De acordo com a lista de passageiros divulgada pela Ethiopian Airlines, havia 32 quenianos, 18 canadenses, 9 etíopes, 8 chineses, 8 americanos, 7 britânicos, 6 egípcios, 5 holandeses, 4 indianos, 4 eslovacos, 3 austríacos, 3 russos, 2 espanhóis, 2 israelenses, 2 marroquinos, 2 poloneses, 1 belga, 1 indonésio, 1 irlandês, 1 iugoslavo, 1 moçambicano, 1 norueguês, 1 saudita, 1 somali, 1 sudanês, 1 sueco e 1 ugandense entre os passageiros falecidos.

Cada uma dessas mortes é uma tragédia em si mesma, deixando amigos e familiares de luto em todo o mundo. Mas o Voo ET302 da Ethiopian Airlines deixa uma marca especialmente forte na África, onde muitos dos passageiros eram jovens em busca de oportunidades e sonhos. A bordo do avião estavam estudantes, cientistas, empresários e membros de organizações internacionais que trabalhavam para melhorar a vida na África e no mundo.

Uma das vítimas era Cedric Asiavugwa, um estudante de direito de 32 anos da Universidade de Georgetown, em Washington, DC, que estava indo para o Quênia para visitar sua mãe. Asiavugwa era um ativista apaixonado pelos direitos humanos e havia trabalhado como estagiário para a Comissão Africana de Direitos Humanos e dos Povos.

Outra vítima foi Joanna Toole, uma funcionária da Organização das Nações Unidas para a Agricultura e Alimentação que havia trabalhado em projetos de conservação para tartarugas marinhas e outras espécies ameaçadas de extinção em todo o mundo. Ela estava a caminho de uma conferência da ONU sobre o meio ambiente em Nairóbi.

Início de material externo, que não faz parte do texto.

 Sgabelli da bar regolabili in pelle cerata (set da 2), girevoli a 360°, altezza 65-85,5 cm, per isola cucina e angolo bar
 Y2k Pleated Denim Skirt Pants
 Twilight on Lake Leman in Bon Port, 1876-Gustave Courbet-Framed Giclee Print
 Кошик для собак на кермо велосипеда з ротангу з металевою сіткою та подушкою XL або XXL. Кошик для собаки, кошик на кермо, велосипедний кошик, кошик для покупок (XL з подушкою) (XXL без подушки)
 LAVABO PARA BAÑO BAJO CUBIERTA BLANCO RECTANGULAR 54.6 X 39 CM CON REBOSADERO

O acidente da Ethiopian Airlines também deixou muitos casais sem um dos membros. Por exemplo, a arquiteta italiana Sebastiana Tusa e o professor de geologia Vincenzo Vito estavam em uma viagem romântica ao Quênia quando o avião deles caiu. Outro casal, Mickael Potvin e Danielle Moore, ambos do Canadá, estavam indo para suas férias de lua de mel em uma safári na África.

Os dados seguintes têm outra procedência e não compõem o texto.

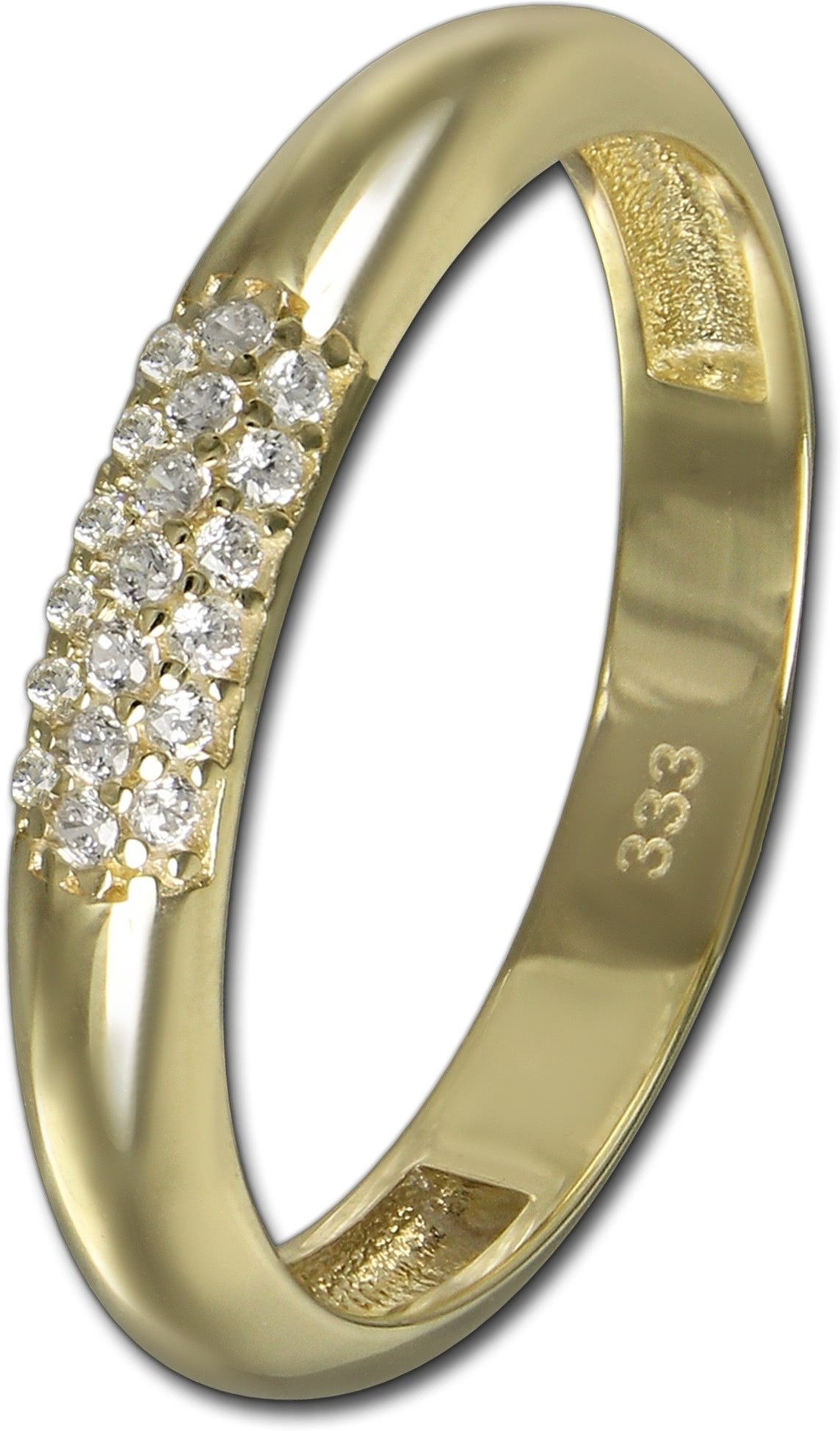 GoldDream Goldring GoldDream Gold Ring 3-reihig Zirkonia, Fingerring 333 Gelbgold 8 Karat 3-reihig Zirkonia Damen Ringschmuck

O impacto do acidente da Ethiopian Airlines foi sentido em todo o mundo, com líderes internacionais prestando homenagens às vítimas e expressando sua solidariedade com as famílias afetadas. Mas, para aqueles que conheceram de perto as pessoas que perderam suas vidas no acidente, a dor e o sofrimento permanecem indescritíveis.

Essa tragédia serve como um lembrete terrível da vulnerabilidade humana e da importância fundamental da segurança em viagens aéreas. Como um de nossos entrevistados expressou após o acidente: A vida é muito curta e, de repente, tudo pode mudar. Precisamos lembrar disso e valorizar cada momento”.

Em homenagem às vítimas do Voo ET302, oferecemos nossas mais profundas condolências às famílias e amigos de todos aqueles que foram tristemente perdidos. Que suas almas descansem em paz.